- _Exercise_
Copied exactly and without pictures, the lines from the beginning of the entries through the one that holds "If you're outdoors" should form the entire reply.
::::::
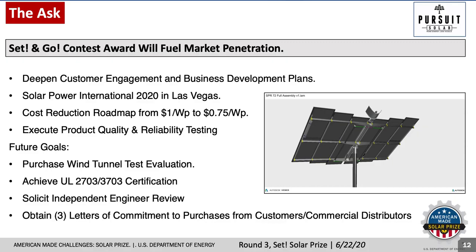Deepen customer engagement and business development planning. Further networking and brand recognition at SPI 2020. Drive product cost reductions. And execute product quality and reliability testing.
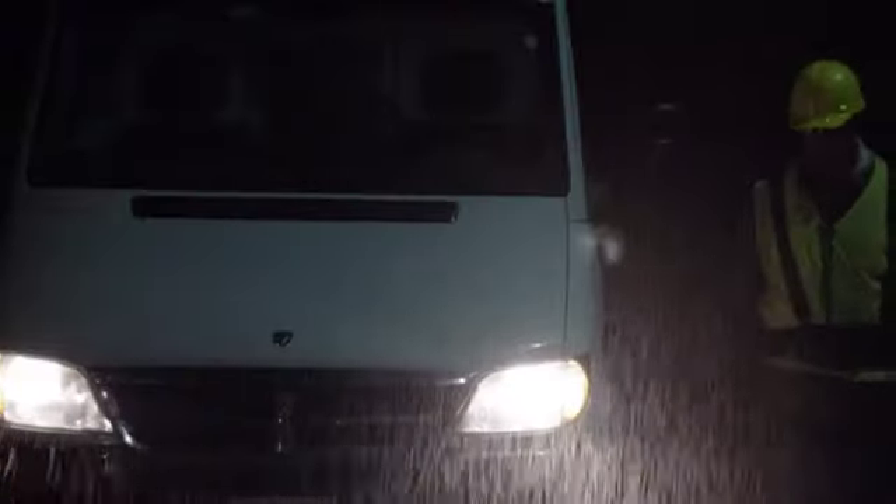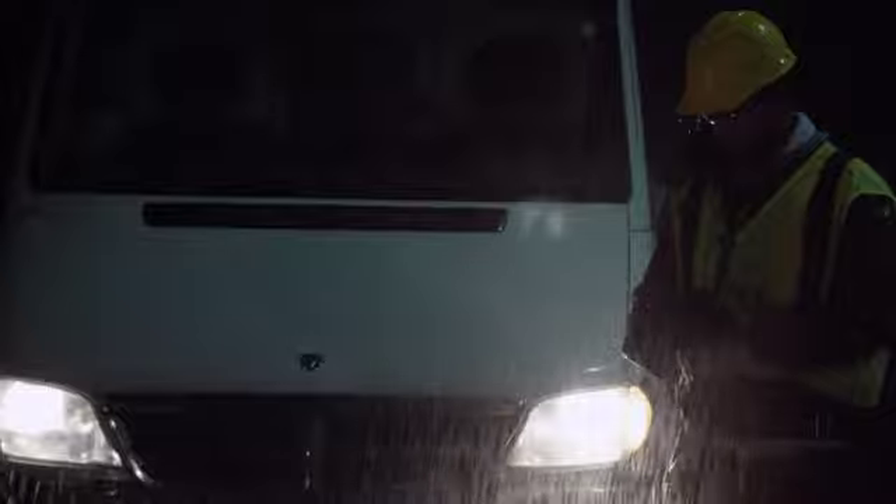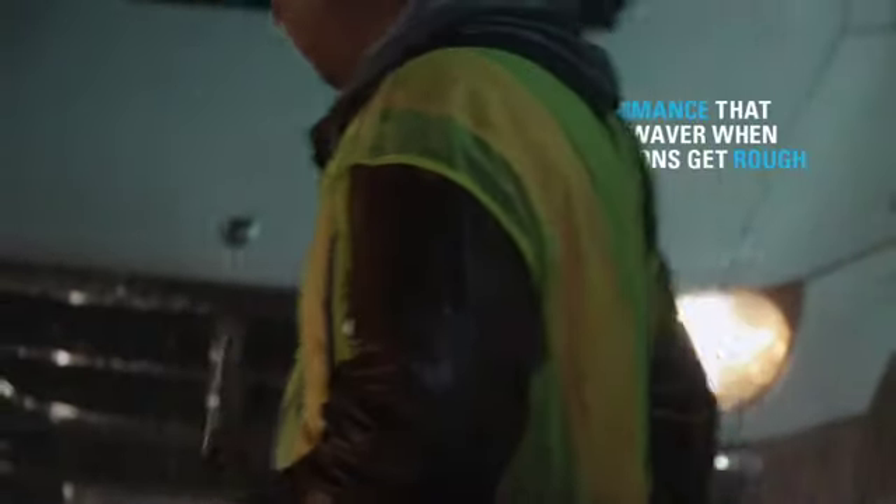If you're outdoors and it's raining, the wonderful thing about the TC55 is not only does it have an IP67 specification, but with the digitizer technology we're using in the screen, we can actually use this thing outdoors in the rain.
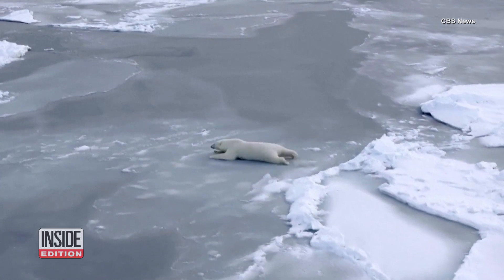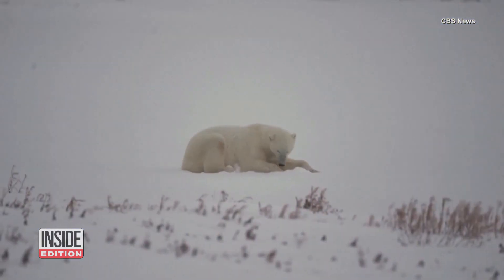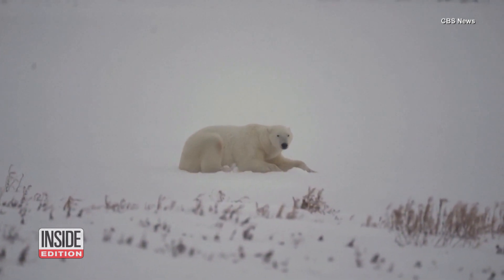Now, what to do with this information? Well, it could lead the way for products to help industries that operate in cold weather. De-icing is always a challenge, but maybe this humble bear will make the process a little easier.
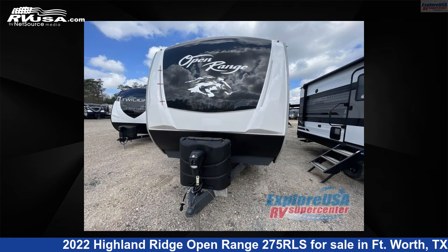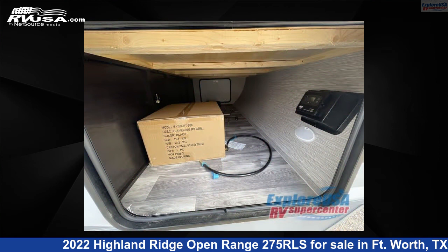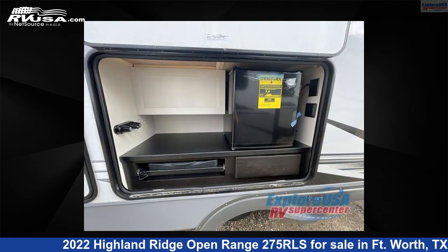This new Highland Ridge is 33 feet 0 inches in length and features a standard interior, sleeps 10. For more information and pricing on this unit, and to see all units available for sale by Explore USA RV Supercenter, Ft. Worth, TX, visit RVUSA.com.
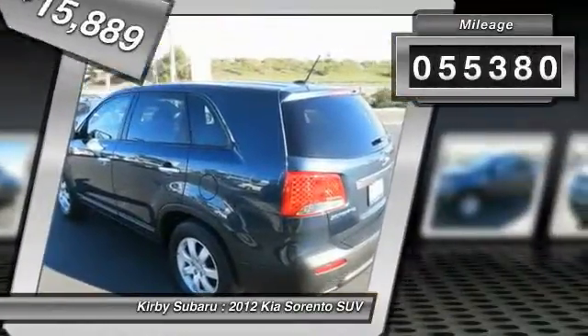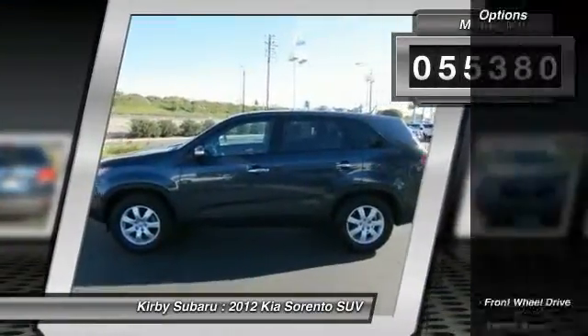This vehicle has less than 60,000 miles. Here are some of this vehicle's great options.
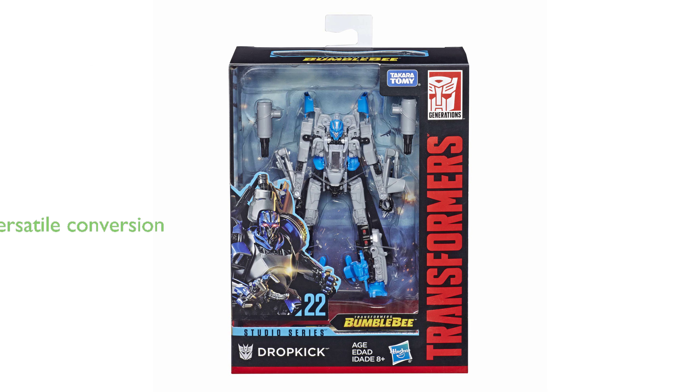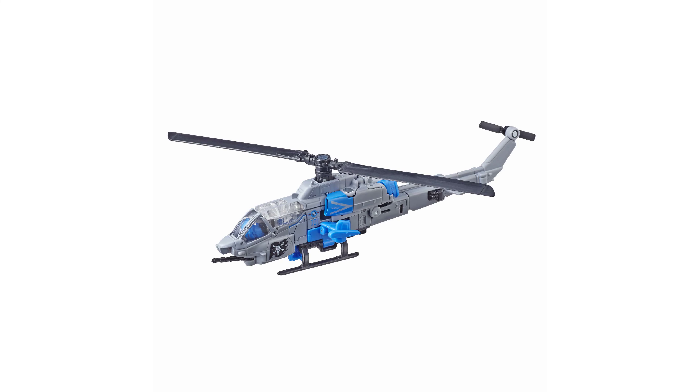The figure skillfully converts between robot and bell helicopter modes in 24 steps, showcasing the complexity and versatility of the design. The removable backdrop adds an extra dimension, allowing you to display the Dropkick figure in the Autobot pursuit scene.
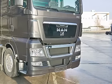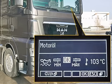Practical solutions that simplify maintenance and cleaning work, for example, make satisfied drivers. The filling levels can be checked and monitored conveniently and quickly from the driver's seat on the main instrument display.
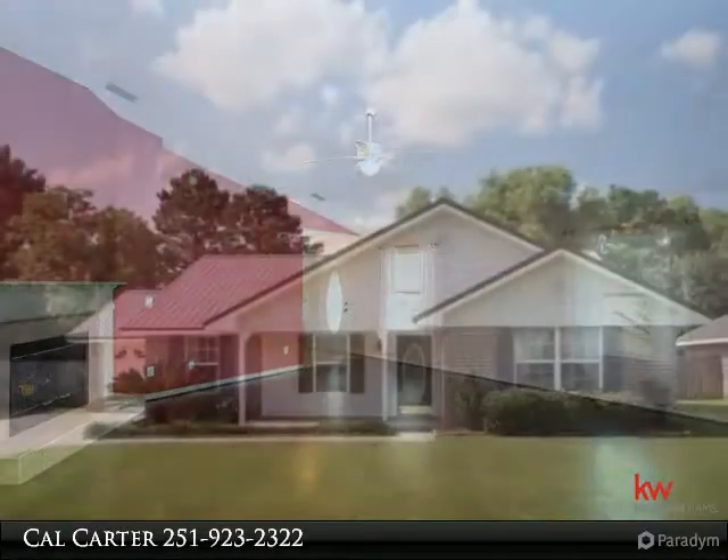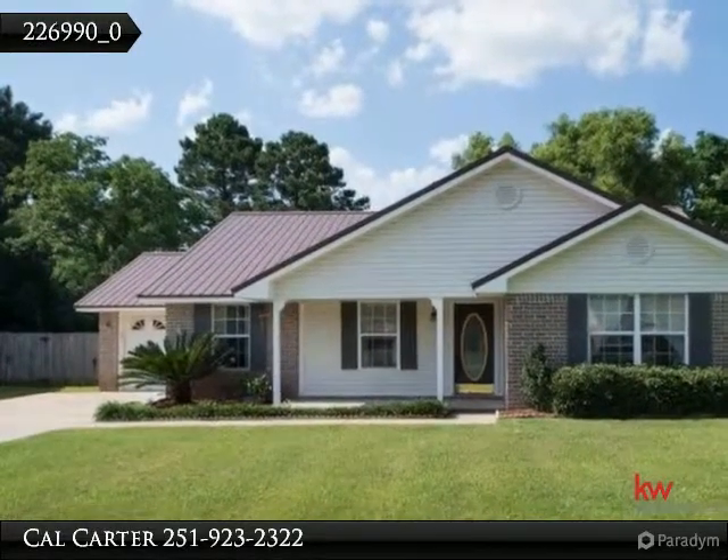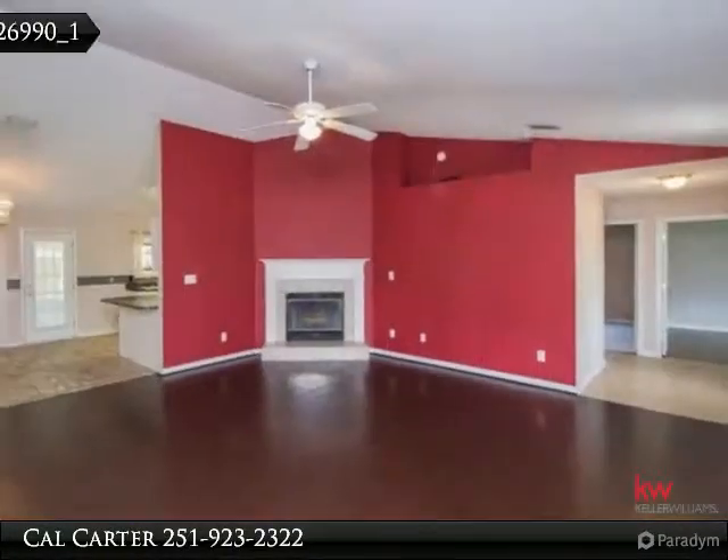The seller is offering a 1-year home warranty as well. Great location in Foley. This 3 bedroom, 2 bath has so much to offer — you do not want to pass it up.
::::::
- _Answer to this task_
Deepen customer engagement and business development planning. Further networking and brand recognition at SPI 2020. Drive product cost reductions. And execute product quality and reliability testing.
If you're outdoors and it's raining, the wonderful thing about the TC55 is not only does it have an IP67 specification, but with the digitizer technology we're using in the screen, we can actually use this thing outdoors in the rain.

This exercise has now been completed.